リカバリーウエアのベネクス、著名人らと連携しドイツ市場に浸透-日EU・EPAもビジネスに追い風に-

(ドイツ、EU、日本)

デュッセルドルフ発

2017年08月17日

休養用ウエアを展開するベネクスは、スポーツ産業が盛んなドイツを最も重要な市場と捉えており、日EU経済連携協定(EPA)は同社にとって追い風となる。ブランド力など課題を抱える中、同社が知名度と信頼を早期に得るために取った戦略について、ドイツ子会社ベネクスヨーロッパ社長の片野秀樹氏に聞いた(7月21日)。

海外展開の皮切りはスポーツ用品の中心地で

神奈川県厚木市に本社を置くベネクスは、「世界のリカバリー市場を創造し、そこに関わる人を元気にする」をモットーに、休養時の疲労回復を促進する休養用ウエアである「リカバリーウエア」を主力製品とする。ドイツでは既に20を超える店舗でリカバリーウエアの取り扱いがある同社だが、ドイツ進出は2014年11月と比較的最近だ。しかも、ドイツが同社にとって初めての海外市場という。

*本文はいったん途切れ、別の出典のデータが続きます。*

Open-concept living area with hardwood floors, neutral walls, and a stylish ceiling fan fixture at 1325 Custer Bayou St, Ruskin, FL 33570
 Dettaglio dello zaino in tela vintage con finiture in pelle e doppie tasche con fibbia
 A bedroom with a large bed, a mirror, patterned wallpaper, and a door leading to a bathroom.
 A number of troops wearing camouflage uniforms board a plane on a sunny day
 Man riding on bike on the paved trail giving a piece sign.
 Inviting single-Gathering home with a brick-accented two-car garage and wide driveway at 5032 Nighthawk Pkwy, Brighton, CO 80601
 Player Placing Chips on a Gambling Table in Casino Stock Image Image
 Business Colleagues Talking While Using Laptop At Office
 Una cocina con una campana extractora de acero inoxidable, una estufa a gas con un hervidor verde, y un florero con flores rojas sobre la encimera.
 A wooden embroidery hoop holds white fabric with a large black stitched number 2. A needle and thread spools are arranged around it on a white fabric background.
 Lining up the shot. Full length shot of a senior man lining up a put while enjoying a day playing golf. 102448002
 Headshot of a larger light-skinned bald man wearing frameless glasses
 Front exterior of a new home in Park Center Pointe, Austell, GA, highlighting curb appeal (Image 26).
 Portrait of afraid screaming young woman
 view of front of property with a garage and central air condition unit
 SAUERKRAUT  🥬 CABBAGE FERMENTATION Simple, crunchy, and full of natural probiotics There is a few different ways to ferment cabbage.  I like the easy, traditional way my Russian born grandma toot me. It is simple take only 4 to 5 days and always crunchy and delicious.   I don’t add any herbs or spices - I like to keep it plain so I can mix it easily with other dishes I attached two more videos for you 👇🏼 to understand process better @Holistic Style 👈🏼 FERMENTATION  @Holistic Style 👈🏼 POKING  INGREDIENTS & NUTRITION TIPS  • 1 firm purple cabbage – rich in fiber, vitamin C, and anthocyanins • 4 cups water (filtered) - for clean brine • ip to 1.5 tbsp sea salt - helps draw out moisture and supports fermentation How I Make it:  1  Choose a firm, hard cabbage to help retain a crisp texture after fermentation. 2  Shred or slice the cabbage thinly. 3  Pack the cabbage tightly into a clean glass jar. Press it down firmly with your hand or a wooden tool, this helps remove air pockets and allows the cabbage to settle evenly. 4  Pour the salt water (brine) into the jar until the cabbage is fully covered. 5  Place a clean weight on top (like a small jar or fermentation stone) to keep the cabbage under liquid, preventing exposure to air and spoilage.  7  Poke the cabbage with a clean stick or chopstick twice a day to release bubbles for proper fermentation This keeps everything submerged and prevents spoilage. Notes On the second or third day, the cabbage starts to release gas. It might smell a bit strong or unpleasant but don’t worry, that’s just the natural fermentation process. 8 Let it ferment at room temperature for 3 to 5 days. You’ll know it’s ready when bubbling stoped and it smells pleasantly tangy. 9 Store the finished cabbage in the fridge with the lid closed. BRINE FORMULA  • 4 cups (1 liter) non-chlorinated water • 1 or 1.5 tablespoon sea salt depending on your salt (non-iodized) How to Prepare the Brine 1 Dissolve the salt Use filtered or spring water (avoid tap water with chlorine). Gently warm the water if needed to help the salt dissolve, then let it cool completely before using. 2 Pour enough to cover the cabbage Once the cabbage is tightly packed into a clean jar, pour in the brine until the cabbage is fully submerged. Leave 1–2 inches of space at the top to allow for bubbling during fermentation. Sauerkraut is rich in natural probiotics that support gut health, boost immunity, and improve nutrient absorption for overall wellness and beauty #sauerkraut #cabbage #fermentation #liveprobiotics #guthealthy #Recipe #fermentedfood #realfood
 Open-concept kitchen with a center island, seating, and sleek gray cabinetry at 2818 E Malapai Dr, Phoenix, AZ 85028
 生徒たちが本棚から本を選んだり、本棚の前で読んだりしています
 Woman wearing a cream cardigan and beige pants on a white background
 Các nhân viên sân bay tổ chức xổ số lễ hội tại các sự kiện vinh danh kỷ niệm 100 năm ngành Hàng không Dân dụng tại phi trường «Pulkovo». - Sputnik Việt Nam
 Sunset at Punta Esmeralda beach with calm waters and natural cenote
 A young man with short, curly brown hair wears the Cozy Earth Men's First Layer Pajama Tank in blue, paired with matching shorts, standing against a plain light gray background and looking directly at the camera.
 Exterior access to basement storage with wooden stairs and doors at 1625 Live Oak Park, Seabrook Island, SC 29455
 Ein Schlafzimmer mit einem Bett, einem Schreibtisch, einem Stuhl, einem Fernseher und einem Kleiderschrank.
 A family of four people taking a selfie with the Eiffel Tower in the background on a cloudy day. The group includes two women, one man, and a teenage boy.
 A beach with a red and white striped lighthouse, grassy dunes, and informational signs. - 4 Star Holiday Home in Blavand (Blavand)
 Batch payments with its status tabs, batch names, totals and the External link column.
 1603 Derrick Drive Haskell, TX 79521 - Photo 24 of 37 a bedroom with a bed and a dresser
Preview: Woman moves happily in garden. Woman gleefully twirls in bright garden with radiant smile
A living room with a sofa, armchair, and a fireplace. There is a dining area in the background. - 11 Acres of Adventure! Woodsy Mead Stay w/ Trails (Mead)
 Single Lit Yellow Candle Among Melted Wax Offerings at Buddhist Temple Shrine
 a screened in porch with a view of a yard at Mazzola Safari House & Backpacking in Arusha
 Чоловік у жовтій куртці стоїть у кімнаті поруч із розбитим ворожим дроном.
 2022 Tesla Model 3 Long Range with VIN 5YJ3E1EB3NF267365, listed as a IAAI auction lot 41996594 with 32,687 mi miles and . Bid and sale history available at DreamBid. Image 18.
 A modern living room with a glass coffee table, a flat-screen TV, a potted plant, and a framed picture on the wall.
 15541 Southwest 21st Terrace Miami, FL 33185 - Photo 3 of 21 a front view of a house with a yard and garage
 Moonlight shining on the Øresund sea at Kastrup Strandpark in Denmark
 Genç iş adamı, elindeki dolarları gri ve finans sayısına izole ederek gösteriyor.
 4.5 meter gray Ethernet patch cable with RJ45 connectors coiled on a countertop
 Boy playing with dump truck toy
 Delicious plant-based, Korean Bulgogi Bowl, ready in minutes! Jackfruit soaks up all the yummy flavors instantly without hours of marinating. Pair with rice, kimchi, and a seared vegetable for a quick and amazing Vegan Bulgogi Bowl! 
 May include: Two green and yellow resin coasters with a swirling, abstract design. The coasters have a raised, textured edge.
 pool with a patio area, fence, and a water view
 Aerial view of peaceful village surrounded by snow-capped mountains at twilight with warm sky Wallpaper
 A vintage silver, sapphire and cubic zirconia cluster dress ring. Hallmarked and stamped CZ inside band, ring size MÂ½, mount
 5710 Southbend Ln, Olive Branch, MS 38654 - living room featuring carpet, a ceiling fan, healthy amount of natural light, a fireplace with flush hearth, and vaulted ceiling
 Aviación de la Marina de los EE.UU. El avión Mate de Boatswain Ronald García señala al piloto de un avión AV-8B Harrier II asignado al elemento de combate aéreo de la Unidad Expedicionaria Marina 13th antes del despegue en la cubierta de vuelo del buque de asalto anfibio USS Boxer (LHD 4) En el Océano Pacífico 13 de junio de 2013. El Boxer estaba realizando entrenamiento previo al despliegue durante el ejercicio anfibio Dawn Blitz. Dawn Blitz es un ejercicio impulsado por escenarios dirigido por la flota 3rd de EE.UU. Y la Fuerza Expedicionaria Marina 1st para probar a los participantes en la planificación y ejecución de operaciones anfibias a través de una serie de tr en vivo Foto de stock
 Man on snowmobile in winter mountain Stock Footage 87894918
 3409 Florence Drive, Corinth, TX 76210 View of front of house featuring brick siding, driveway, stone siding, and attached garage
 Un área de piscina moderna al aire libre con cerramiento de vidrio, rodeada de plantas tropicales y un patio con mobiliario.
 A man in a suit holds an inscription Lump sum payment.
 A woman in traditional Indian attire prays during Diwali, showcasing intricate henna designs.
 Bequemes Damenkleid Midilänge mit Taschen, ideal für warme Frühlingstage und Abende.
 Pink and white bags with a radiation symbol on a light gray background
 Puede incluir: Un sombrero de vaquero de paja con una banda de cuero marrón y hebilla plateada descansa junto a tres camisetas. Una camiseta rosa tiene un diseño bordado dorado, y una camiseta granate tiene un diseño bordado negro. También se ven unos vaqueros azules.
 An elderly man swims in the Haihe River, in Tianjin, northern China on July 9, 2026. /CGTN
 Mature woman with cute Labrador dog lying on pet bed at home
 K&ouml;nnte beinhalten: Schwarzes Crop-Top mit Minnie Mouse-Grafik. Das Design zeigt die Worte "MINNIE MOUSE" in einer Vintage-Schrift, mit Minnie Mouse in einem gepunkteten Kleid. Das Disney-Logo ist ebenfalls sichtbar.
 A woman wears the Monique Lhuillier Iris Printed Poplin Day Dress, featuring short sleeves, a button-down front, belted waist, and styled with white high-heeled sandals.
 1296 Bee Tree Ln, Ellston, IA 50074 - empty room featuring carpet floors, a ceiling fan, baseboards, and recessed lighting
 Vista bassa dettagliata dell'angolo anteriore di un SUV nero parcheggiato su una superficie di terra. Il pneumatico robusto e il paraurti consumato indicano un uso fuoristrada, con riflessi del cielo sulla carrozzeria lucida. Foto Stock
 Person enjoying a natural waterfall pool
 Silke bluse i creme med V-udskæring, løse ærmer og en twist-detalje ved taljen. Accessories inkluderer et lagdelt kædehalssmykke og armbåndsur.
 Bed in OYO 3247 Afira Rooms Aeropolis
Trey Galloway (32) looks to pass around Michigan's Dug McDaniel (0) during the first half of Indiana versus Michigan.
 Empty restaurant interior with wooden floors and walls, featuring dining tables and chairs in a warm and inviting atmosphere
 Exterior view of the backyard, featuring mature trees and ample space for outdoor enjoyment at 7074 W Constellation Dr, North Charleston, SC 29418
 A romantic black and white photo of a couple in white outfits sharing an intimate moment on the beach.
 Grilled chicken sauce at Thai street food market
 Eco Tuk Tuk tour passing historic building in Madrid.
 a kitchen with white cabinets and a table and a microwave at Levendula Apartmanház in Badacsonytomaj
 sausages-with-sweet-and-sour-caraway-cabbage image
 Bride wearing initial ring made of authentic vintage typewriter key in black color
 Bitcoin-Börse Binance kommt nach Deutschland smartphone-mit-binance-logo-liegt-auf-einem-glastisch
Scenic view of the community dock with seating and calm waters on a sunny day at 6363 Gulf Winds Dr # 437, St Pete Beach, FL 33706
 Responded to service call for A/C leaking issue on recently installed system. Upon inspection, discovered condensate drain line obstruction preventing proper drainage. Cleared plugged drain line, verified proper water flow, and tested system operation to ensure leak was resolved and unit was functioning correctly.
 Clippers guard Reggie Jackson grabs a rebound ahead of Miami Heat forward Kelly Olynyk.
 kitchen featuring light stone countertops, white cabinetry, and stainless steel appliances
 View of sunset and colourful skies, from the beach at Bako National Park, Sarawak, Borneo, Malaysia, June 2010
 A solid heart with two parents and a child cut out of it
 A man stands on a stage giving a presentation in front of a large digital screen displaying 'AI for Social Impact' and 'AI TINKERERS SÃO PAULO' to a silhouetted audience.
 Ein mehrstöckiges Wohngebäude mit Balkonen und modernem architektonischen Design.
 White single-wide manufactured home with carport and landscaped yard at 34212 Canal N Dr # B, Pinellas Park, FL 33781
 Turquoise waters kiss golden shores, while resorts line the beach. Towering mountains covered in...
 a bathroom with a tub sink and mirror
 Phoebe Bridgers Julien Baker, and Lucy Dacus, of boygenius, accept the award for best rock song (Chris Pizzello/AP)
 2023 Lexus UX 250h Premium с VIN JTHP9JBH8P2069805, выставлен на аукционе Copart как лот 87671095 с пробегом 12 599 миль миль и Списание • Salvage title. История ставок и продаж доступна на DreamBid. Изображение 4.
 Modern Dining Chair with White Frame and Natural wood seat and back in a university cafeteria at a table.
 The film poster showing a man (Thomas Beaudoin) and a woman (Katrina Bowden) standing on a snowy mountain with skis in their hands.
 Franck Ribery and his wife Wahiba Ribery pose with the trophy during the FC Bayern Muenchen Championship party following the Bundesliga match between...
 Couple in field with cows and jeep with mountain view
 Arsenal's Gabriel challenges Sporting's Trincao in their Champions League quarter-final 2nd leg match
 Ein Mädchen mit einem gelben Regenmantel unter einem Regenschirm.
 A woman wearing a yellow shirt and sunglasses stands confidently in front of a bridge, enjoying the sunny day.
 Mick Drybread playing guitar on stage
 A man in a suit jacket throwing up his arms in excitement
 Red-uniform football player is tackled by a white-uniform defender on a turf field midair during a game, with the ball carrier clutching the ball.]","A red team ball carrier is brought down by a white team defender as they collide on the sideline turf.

ドイツは、スポーツ用品の中心地で、世界最大級のスポーツ用品見本市「ISPO」(ミュンヘン)が実施されることもあり、ベネクスは同国を最初のターゲットにした。「新しい市場で製品を売り込むためには、本場の見本市の活用が最も効果的だ」と、ベネクスヨーロッパ社長の片野氏は考えている。

ドイツの著名人と連携し知名度向上図る

ドイツで事業展開をしていく上で、主に2つの障壁があった。(1)商品が知られる必要があること、(2)商品が評価され、企業として信頼されることだ。最初の障壁は、多くのスポーツ用具があふれる中で、商品の知名度を上げていくことだ。同社は、心に留まる分かりやすい商品コンセプトとして、「運動中に着てはいけないスポーツウエア」を打ち立てた。一度見たら忘れないコンセプトだ。また、出展した見本市では、ブースデザインを手掛けたドイツ企業の協力を得て、ドイツの有名なスキー選手と医師を招き、ブースでリカバリーウエアのプレゼンテーションを実施。見本市をツアーで回っていたメディアの一団をブースに誘致することに成功し、その結果、ドイツの新聞2紙に掲載され、ラジオでも放送された。

ドイツの水泳競技のオリンピック選手であるマルコ・コッホ氏が、睡眠に問題を抱え、疲れが取れないという情報をドイツのパートナー経由で入手した片野氏は、コッホ氏のマネジャー宛てに無償でリカバリーウエアを提供した。コッホ氏はリカバリーウエアを気に入り、その後、片野氏が直接連絡を取れるほどまで関係を深めた。リカバリーウエアの評判は、コッホ氏から他の選手やトレーナーに伝わり、ドイツ水泳協会とオフィシャルパートナー契約を締結した。また、プロサッカーリーグのブンデスリーガ1部のチームであるRBライプツィヒにウエアを提供し、選手の評価も良好だという。著名なアスリートに使ってもらうことで、リカバリーウエアはその知名度を高めていった。

現地の科学的データを集めて信頼性獲得へ

2つ目の障壁は、商品が評価され、企業として信頼されることだ。「特にドイツで顕著な障壁だ」と片野氏が語るのは、「ドイツの消費者は世界一疑り深い」といわれる、その保守的な消費行動にある。片野氏はドイツ人を信用させるために、効用を示す科学的データを提示することを考えた。しかし、日本でのデータではなく欧州での科学的データが求められたことなどから、ベネクスはドイツ西部のルール大学ボーフムとの共同研究を進め、ドイツでの科学データを入手し、ドイツ市場向けの説得材料とした。一見、障壁が高そうな海外の大学との連携だが、「各先生の研究内容をしっかりと調べ、当社の商品の機能や効用に関する研究を行っている先生にアプローチすれば、それほどハードルは高くない。その先生に仮に関心がなかったとしても、関心を持ちそうな先生を紹介してもらえる。そして、この紹介を通じての人的ネットワークの構築がドイツでは極めて重要」と片野社長は指摘する。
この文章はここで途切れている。